A la izquierda le fascina la escenificación de la furia plebeya, no sólo por estética. Siempre ha visto en las explosiones de indignación, más o menos espontáneas, oportunidades para forzar los cambios que las urnas le niegan, y, por tanto, se apunta a cualquier bombardeo con la esperanza, ilusoria las más de las veces, de encauzar las movilizaciones y dotarlas de una dirección política. Pero hay tigres especialmente difíciles de cabalgar, y éste de los escraches lo es de una forma muy evidente. Ante todo, por su sesgo claramente antipolítico. El hecho de que coincida en el tiempo con una oleada de protestas sindicales no debería llevar a confundir el carácter de unos y otras. Es lógico que el partido del Gobierno no esté en condiciones óptimas para discernir las diferencias, porque todas las movilizaciones van dirigidas contra él, pero en una oposición que se autoproclama democrática la confusión es difícilmente justificable.

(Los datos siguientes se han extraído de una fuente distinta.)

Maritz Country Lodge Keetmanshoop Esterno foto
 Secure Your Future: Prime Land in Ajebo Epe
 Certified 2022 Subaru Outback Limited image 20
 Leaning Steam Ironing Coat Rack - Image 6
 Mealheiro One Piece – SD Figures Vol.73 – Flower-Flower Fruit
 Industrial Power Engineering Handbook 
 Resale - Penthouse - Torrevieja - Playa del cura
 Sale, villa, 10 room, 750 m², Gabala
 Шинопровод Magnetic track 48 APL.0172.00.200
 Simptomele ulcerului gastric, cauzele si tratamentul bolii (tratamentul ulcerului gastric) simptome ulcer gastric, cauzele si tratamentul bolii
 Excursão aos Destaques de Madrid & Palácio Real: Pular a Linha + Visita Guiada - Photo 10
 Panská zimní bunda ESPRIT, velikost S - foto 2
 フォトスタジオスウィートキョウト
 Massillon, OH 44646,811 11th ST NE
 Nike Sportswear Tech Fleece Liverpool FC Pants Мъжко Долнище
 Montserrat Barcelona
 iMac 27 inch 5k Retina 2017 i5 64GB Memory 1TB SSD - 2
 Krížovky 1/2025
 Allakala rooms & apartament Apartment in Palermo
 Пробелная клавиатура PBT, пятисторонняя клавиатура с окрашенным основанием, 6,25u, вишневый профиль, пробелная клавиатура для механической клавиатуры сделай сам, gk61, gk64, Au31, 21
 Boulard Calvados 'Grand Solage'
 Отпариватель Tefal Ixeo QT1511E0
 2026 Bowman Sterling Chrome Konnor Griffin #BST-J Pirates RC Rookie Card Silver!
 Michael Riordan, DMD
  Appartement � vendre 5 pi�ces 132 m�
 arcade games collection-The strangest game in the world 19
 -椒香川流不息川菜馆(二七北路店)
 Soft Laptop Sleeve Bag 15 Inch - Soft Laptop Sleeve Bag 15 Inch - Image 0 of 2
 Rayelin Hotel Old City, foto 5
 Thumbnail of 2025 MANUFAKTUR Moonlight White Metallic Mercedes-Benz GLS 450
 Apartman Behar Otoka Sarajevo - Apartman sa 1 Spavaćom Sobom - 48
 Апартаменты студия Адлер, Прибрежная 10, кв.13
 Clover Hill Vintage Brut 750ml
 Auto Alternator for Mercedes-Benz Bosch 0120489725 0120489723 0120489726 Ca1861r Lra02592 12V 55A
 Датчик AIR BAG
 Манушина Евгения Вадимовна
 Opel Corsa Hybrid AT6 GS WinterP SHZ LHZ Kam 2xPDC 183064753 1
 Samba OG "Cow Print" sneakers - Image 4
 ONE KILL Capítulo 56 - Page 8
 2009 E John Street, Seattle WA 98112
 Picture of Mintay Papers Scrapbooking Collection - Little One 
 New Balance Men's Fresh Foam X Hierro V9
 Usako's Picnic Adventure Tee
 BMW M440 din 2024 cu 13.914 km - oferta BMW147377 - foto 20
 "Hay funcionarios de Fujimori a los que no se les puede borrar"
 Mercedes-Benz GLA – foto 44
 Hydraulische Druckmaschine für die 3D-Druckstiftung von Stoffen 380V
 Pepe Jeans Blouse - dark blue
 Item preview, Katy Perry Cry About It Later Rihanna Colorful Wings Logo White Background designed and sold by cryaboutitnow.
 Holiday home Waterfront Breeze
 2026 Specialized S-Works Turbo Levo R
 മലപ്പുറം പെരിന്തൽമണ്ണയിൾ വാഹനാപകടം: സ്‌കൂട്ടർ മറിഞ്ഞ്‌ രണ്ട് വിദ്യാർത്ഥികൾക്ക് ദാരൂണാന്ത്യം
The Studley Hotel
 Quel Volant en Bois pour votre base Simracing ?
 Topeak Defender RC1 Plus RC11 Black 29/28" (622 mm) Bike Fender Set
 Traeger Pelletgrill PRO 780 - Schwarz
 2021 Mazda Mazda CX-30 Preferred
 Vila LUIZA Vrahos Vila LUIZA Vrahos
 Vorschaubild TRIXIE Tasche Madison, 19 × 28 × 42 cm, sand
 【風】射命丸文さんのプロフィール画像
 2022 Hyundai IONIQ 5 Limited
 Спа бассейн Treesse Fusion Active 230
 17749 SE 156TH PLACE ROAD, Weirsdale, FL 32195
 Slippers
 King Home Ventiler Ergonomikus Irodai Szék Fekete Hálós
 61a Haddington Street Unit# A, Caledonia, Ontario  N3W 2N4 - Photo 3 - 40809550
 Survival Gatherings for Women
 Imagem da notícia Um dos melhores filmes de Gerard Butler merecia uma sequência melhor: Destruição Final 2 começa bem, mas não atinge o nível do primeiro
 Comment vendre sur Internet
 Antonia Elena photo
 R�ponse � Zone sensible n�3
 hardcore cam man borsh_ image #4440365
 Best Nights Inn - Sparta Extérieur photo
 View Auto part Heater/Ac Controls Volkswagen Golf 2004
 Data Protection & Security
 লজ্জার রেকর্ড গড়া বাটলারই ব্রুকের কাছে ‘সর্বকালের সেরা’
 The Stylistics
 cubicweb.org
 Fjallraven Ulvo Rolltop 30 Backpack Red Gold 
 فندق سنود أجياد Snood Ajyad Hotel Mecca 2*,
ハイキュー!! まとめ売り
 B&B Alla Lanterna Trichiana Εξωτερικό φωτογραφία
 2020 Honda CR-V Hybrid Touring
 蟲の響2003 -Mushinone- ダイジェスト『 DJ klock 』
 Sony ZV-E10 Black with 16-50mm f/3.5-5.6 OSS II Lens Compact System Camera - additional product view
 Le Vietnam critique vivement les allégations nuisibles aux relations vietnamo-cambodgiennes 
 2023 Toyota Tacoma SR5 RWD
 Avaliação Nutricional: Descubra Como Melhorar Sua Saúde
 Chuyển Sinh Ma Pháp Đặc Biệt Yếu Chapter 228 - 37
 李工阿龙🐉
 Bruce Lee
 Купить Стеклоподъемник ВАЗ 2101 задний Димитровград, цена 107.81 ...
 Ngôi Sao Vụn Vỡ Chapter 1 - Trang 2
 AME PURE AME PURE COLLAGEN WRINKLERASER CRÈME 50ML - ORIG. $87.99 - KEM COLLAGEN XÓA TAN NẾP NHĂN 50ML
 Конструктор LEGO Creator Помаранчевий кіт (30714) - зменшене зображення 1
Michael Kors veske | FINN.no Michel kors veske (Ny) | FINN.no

Los escraches no son una expresión de nazismo ni de comunismo, pero, en la medida en que impugnan radicalmente el orden democrático, favorecen las opciones totalitarias, y no el deslizamiento hacia un «anarquismo disolvente» al que se ha referido Felipe González. Ya son anarquismo y disolución, antiparlamentarismo rabioso. Es curioso que la «memoria histórica» de la izquierda, en particular la del PSOE, funcione tan mal a este respecto, cuando el escrache más sonado de la II República se lo montaron a Prieto en Écija los chavales de las Juventudes Socialistas bolchevizadas, el 1 de junio de 1936, en medio de una primavera de acosos a políticos, de derecha e izquierda, y sobre todo, como testimonió Unamuno, a jueces. Dictar sentencias y hacerlas cumplir se convirtieron en funciones poco menos que imposibles en los meses que precedieron a la guerra civil. El escrache no es una inofensiva forma minoritaria de protesta. Es una fase en la escalada hacia el colapso institucional de los poderes del Estado. Algún piloto de alarma debería haberse encendido ya en los cerebros de los dirigentes del PSOE, aunque quizá sea excesivo pretenderlo.